## Recurrent Neural Networks Introduction

- Traditional feed-forward network assume that all inputs and outputs are independent of each other.

- Counterexample language/speech modeling
    - Predicting the next word in a sentence depends on the entire sequence of words before the current word
    - Example: “The man who wore a wig on his head went inside”
        - Who went inside? Man or wig?

- Use the same weights/layers for every time step (hence, recurrent ), and pass on the output to the next time step Courtesy: <br><br>
  ![](CS5480_images/Acrobat_iduxTVwnBA.png)

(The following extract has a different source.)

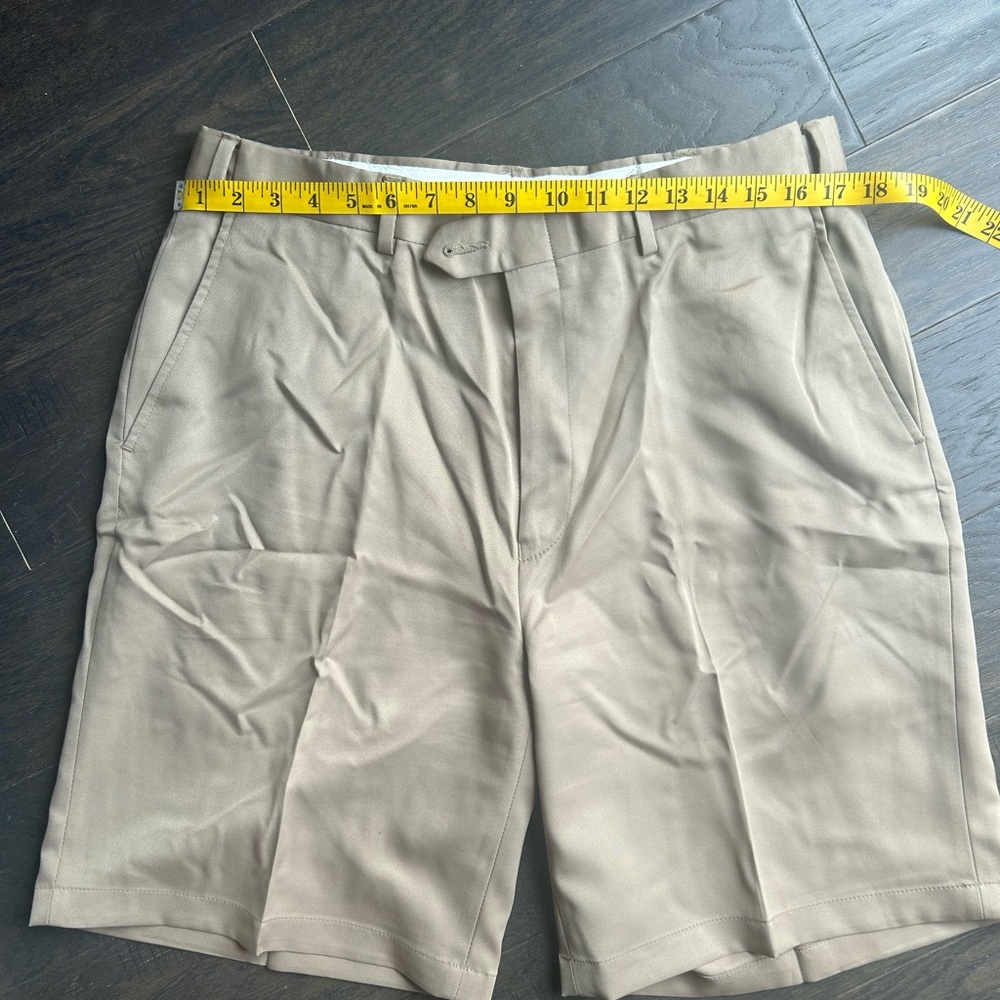 JoS A bank David Leadbetter Men's Tan Shorts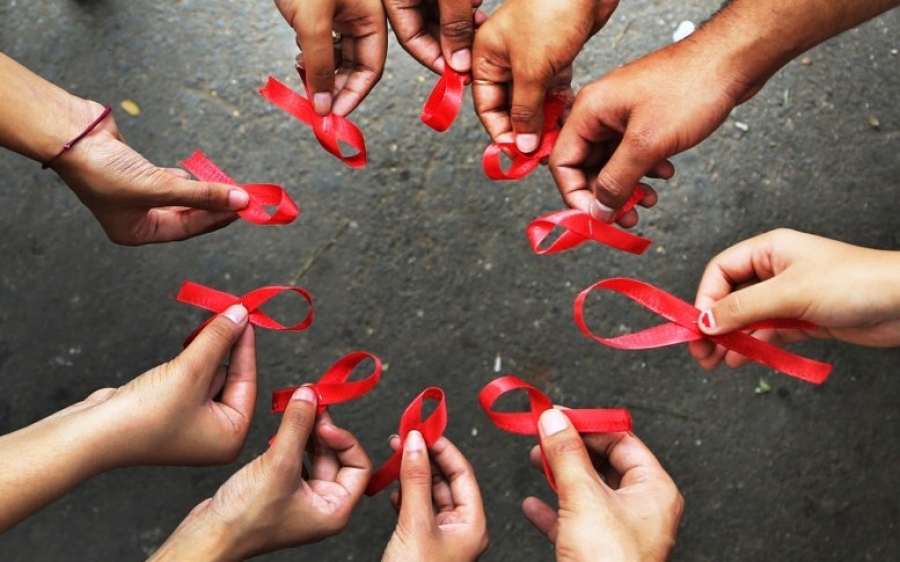 Παγκόσμια Ημέρα κατά του AIDS: Αγρυπνίες και συγκεντρώσεις σε όλο τον κόσμο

- A recurrent neural network and the unfolding in time of the computation involved in its forward computation <br><br>
  ![](CS5480_images/VoiceAccess_FDHN2gQ7fh.png)
- We can notice that <br>

  $$\begin{align*}
    s_{t}&=\operatorname{tanh}(U x_{t}+W s_{t-1})\\
    \hat{y}_{t}&=\mathrm{softrnax}(Vs_{t})\\
    E_{t}(y_{t},\hat{y_{t}})&=-y_{t}\log\hat{y_{t}} \\
    E(y,{\hat{y}})&=\sum_{t}E_{t}(y_{t},{\hat{y}}_{t})\\
    &=-\sum_{t}y_{t}\log\;{\hat{y}}_{t}
  \end{align*}$$

  

Kinds of RNNs

![](CS5480_images/VoiceAccess_J6FmUvHCo5.png)

## Backprop Through Time (BPTT)

- Unrolled RNN <br><br>
  ![](CS5480_images/VoiceAccess_DQEZ5vcZAU.png)

- Goal
    - Calculate error gradients w.r.t U, V and W
    - Learn weights using SGD
- Just like we sum up errors, we also sum up gradients at each time step for one training example
  $${\frac{\partial E}{\partial W}}=\sum_{t}{\frac{\partial E_{t}}{\partial W}}$$

$$\begin{align*}
    \frac{\partial E_{3}}{\partial V}&=\frac{\partial E_{3}}{\partial\hat{y}_{3}}\frac{\partial\hat{y}_{3}}{\partial V}\\
    &=\frac{\partial E_{3}}{\partial\hat{y}_{3}}\frac{\partial\hat{y}_{3}}{\partial z_{3}}\frac{\partial z_{3}}{\partial V}\\
    &=(\hat y_{3}-y_{3})\otimes s_{3}
\end{align*}$$

Here 
- $\otimes$ is outer product
- $\frac{\partial E_{3}}{\partial\hat{y}_{3}} = \hat y_{3}-y_{3}$ (if we use mean square type of error)
- $\frac{\partial\hat{y}_{3}}{\partial z_{3}}$ is ignored, assuming we are not using the activation function
- $\frac{\partial z_{3}}{\partial V}=s_{3}$ 

![](CS5480_images/VoiceAccess_uBKGn1RSWv.png)
![](CS5480_images/VoiceAccess_UY69EgVNKH.png)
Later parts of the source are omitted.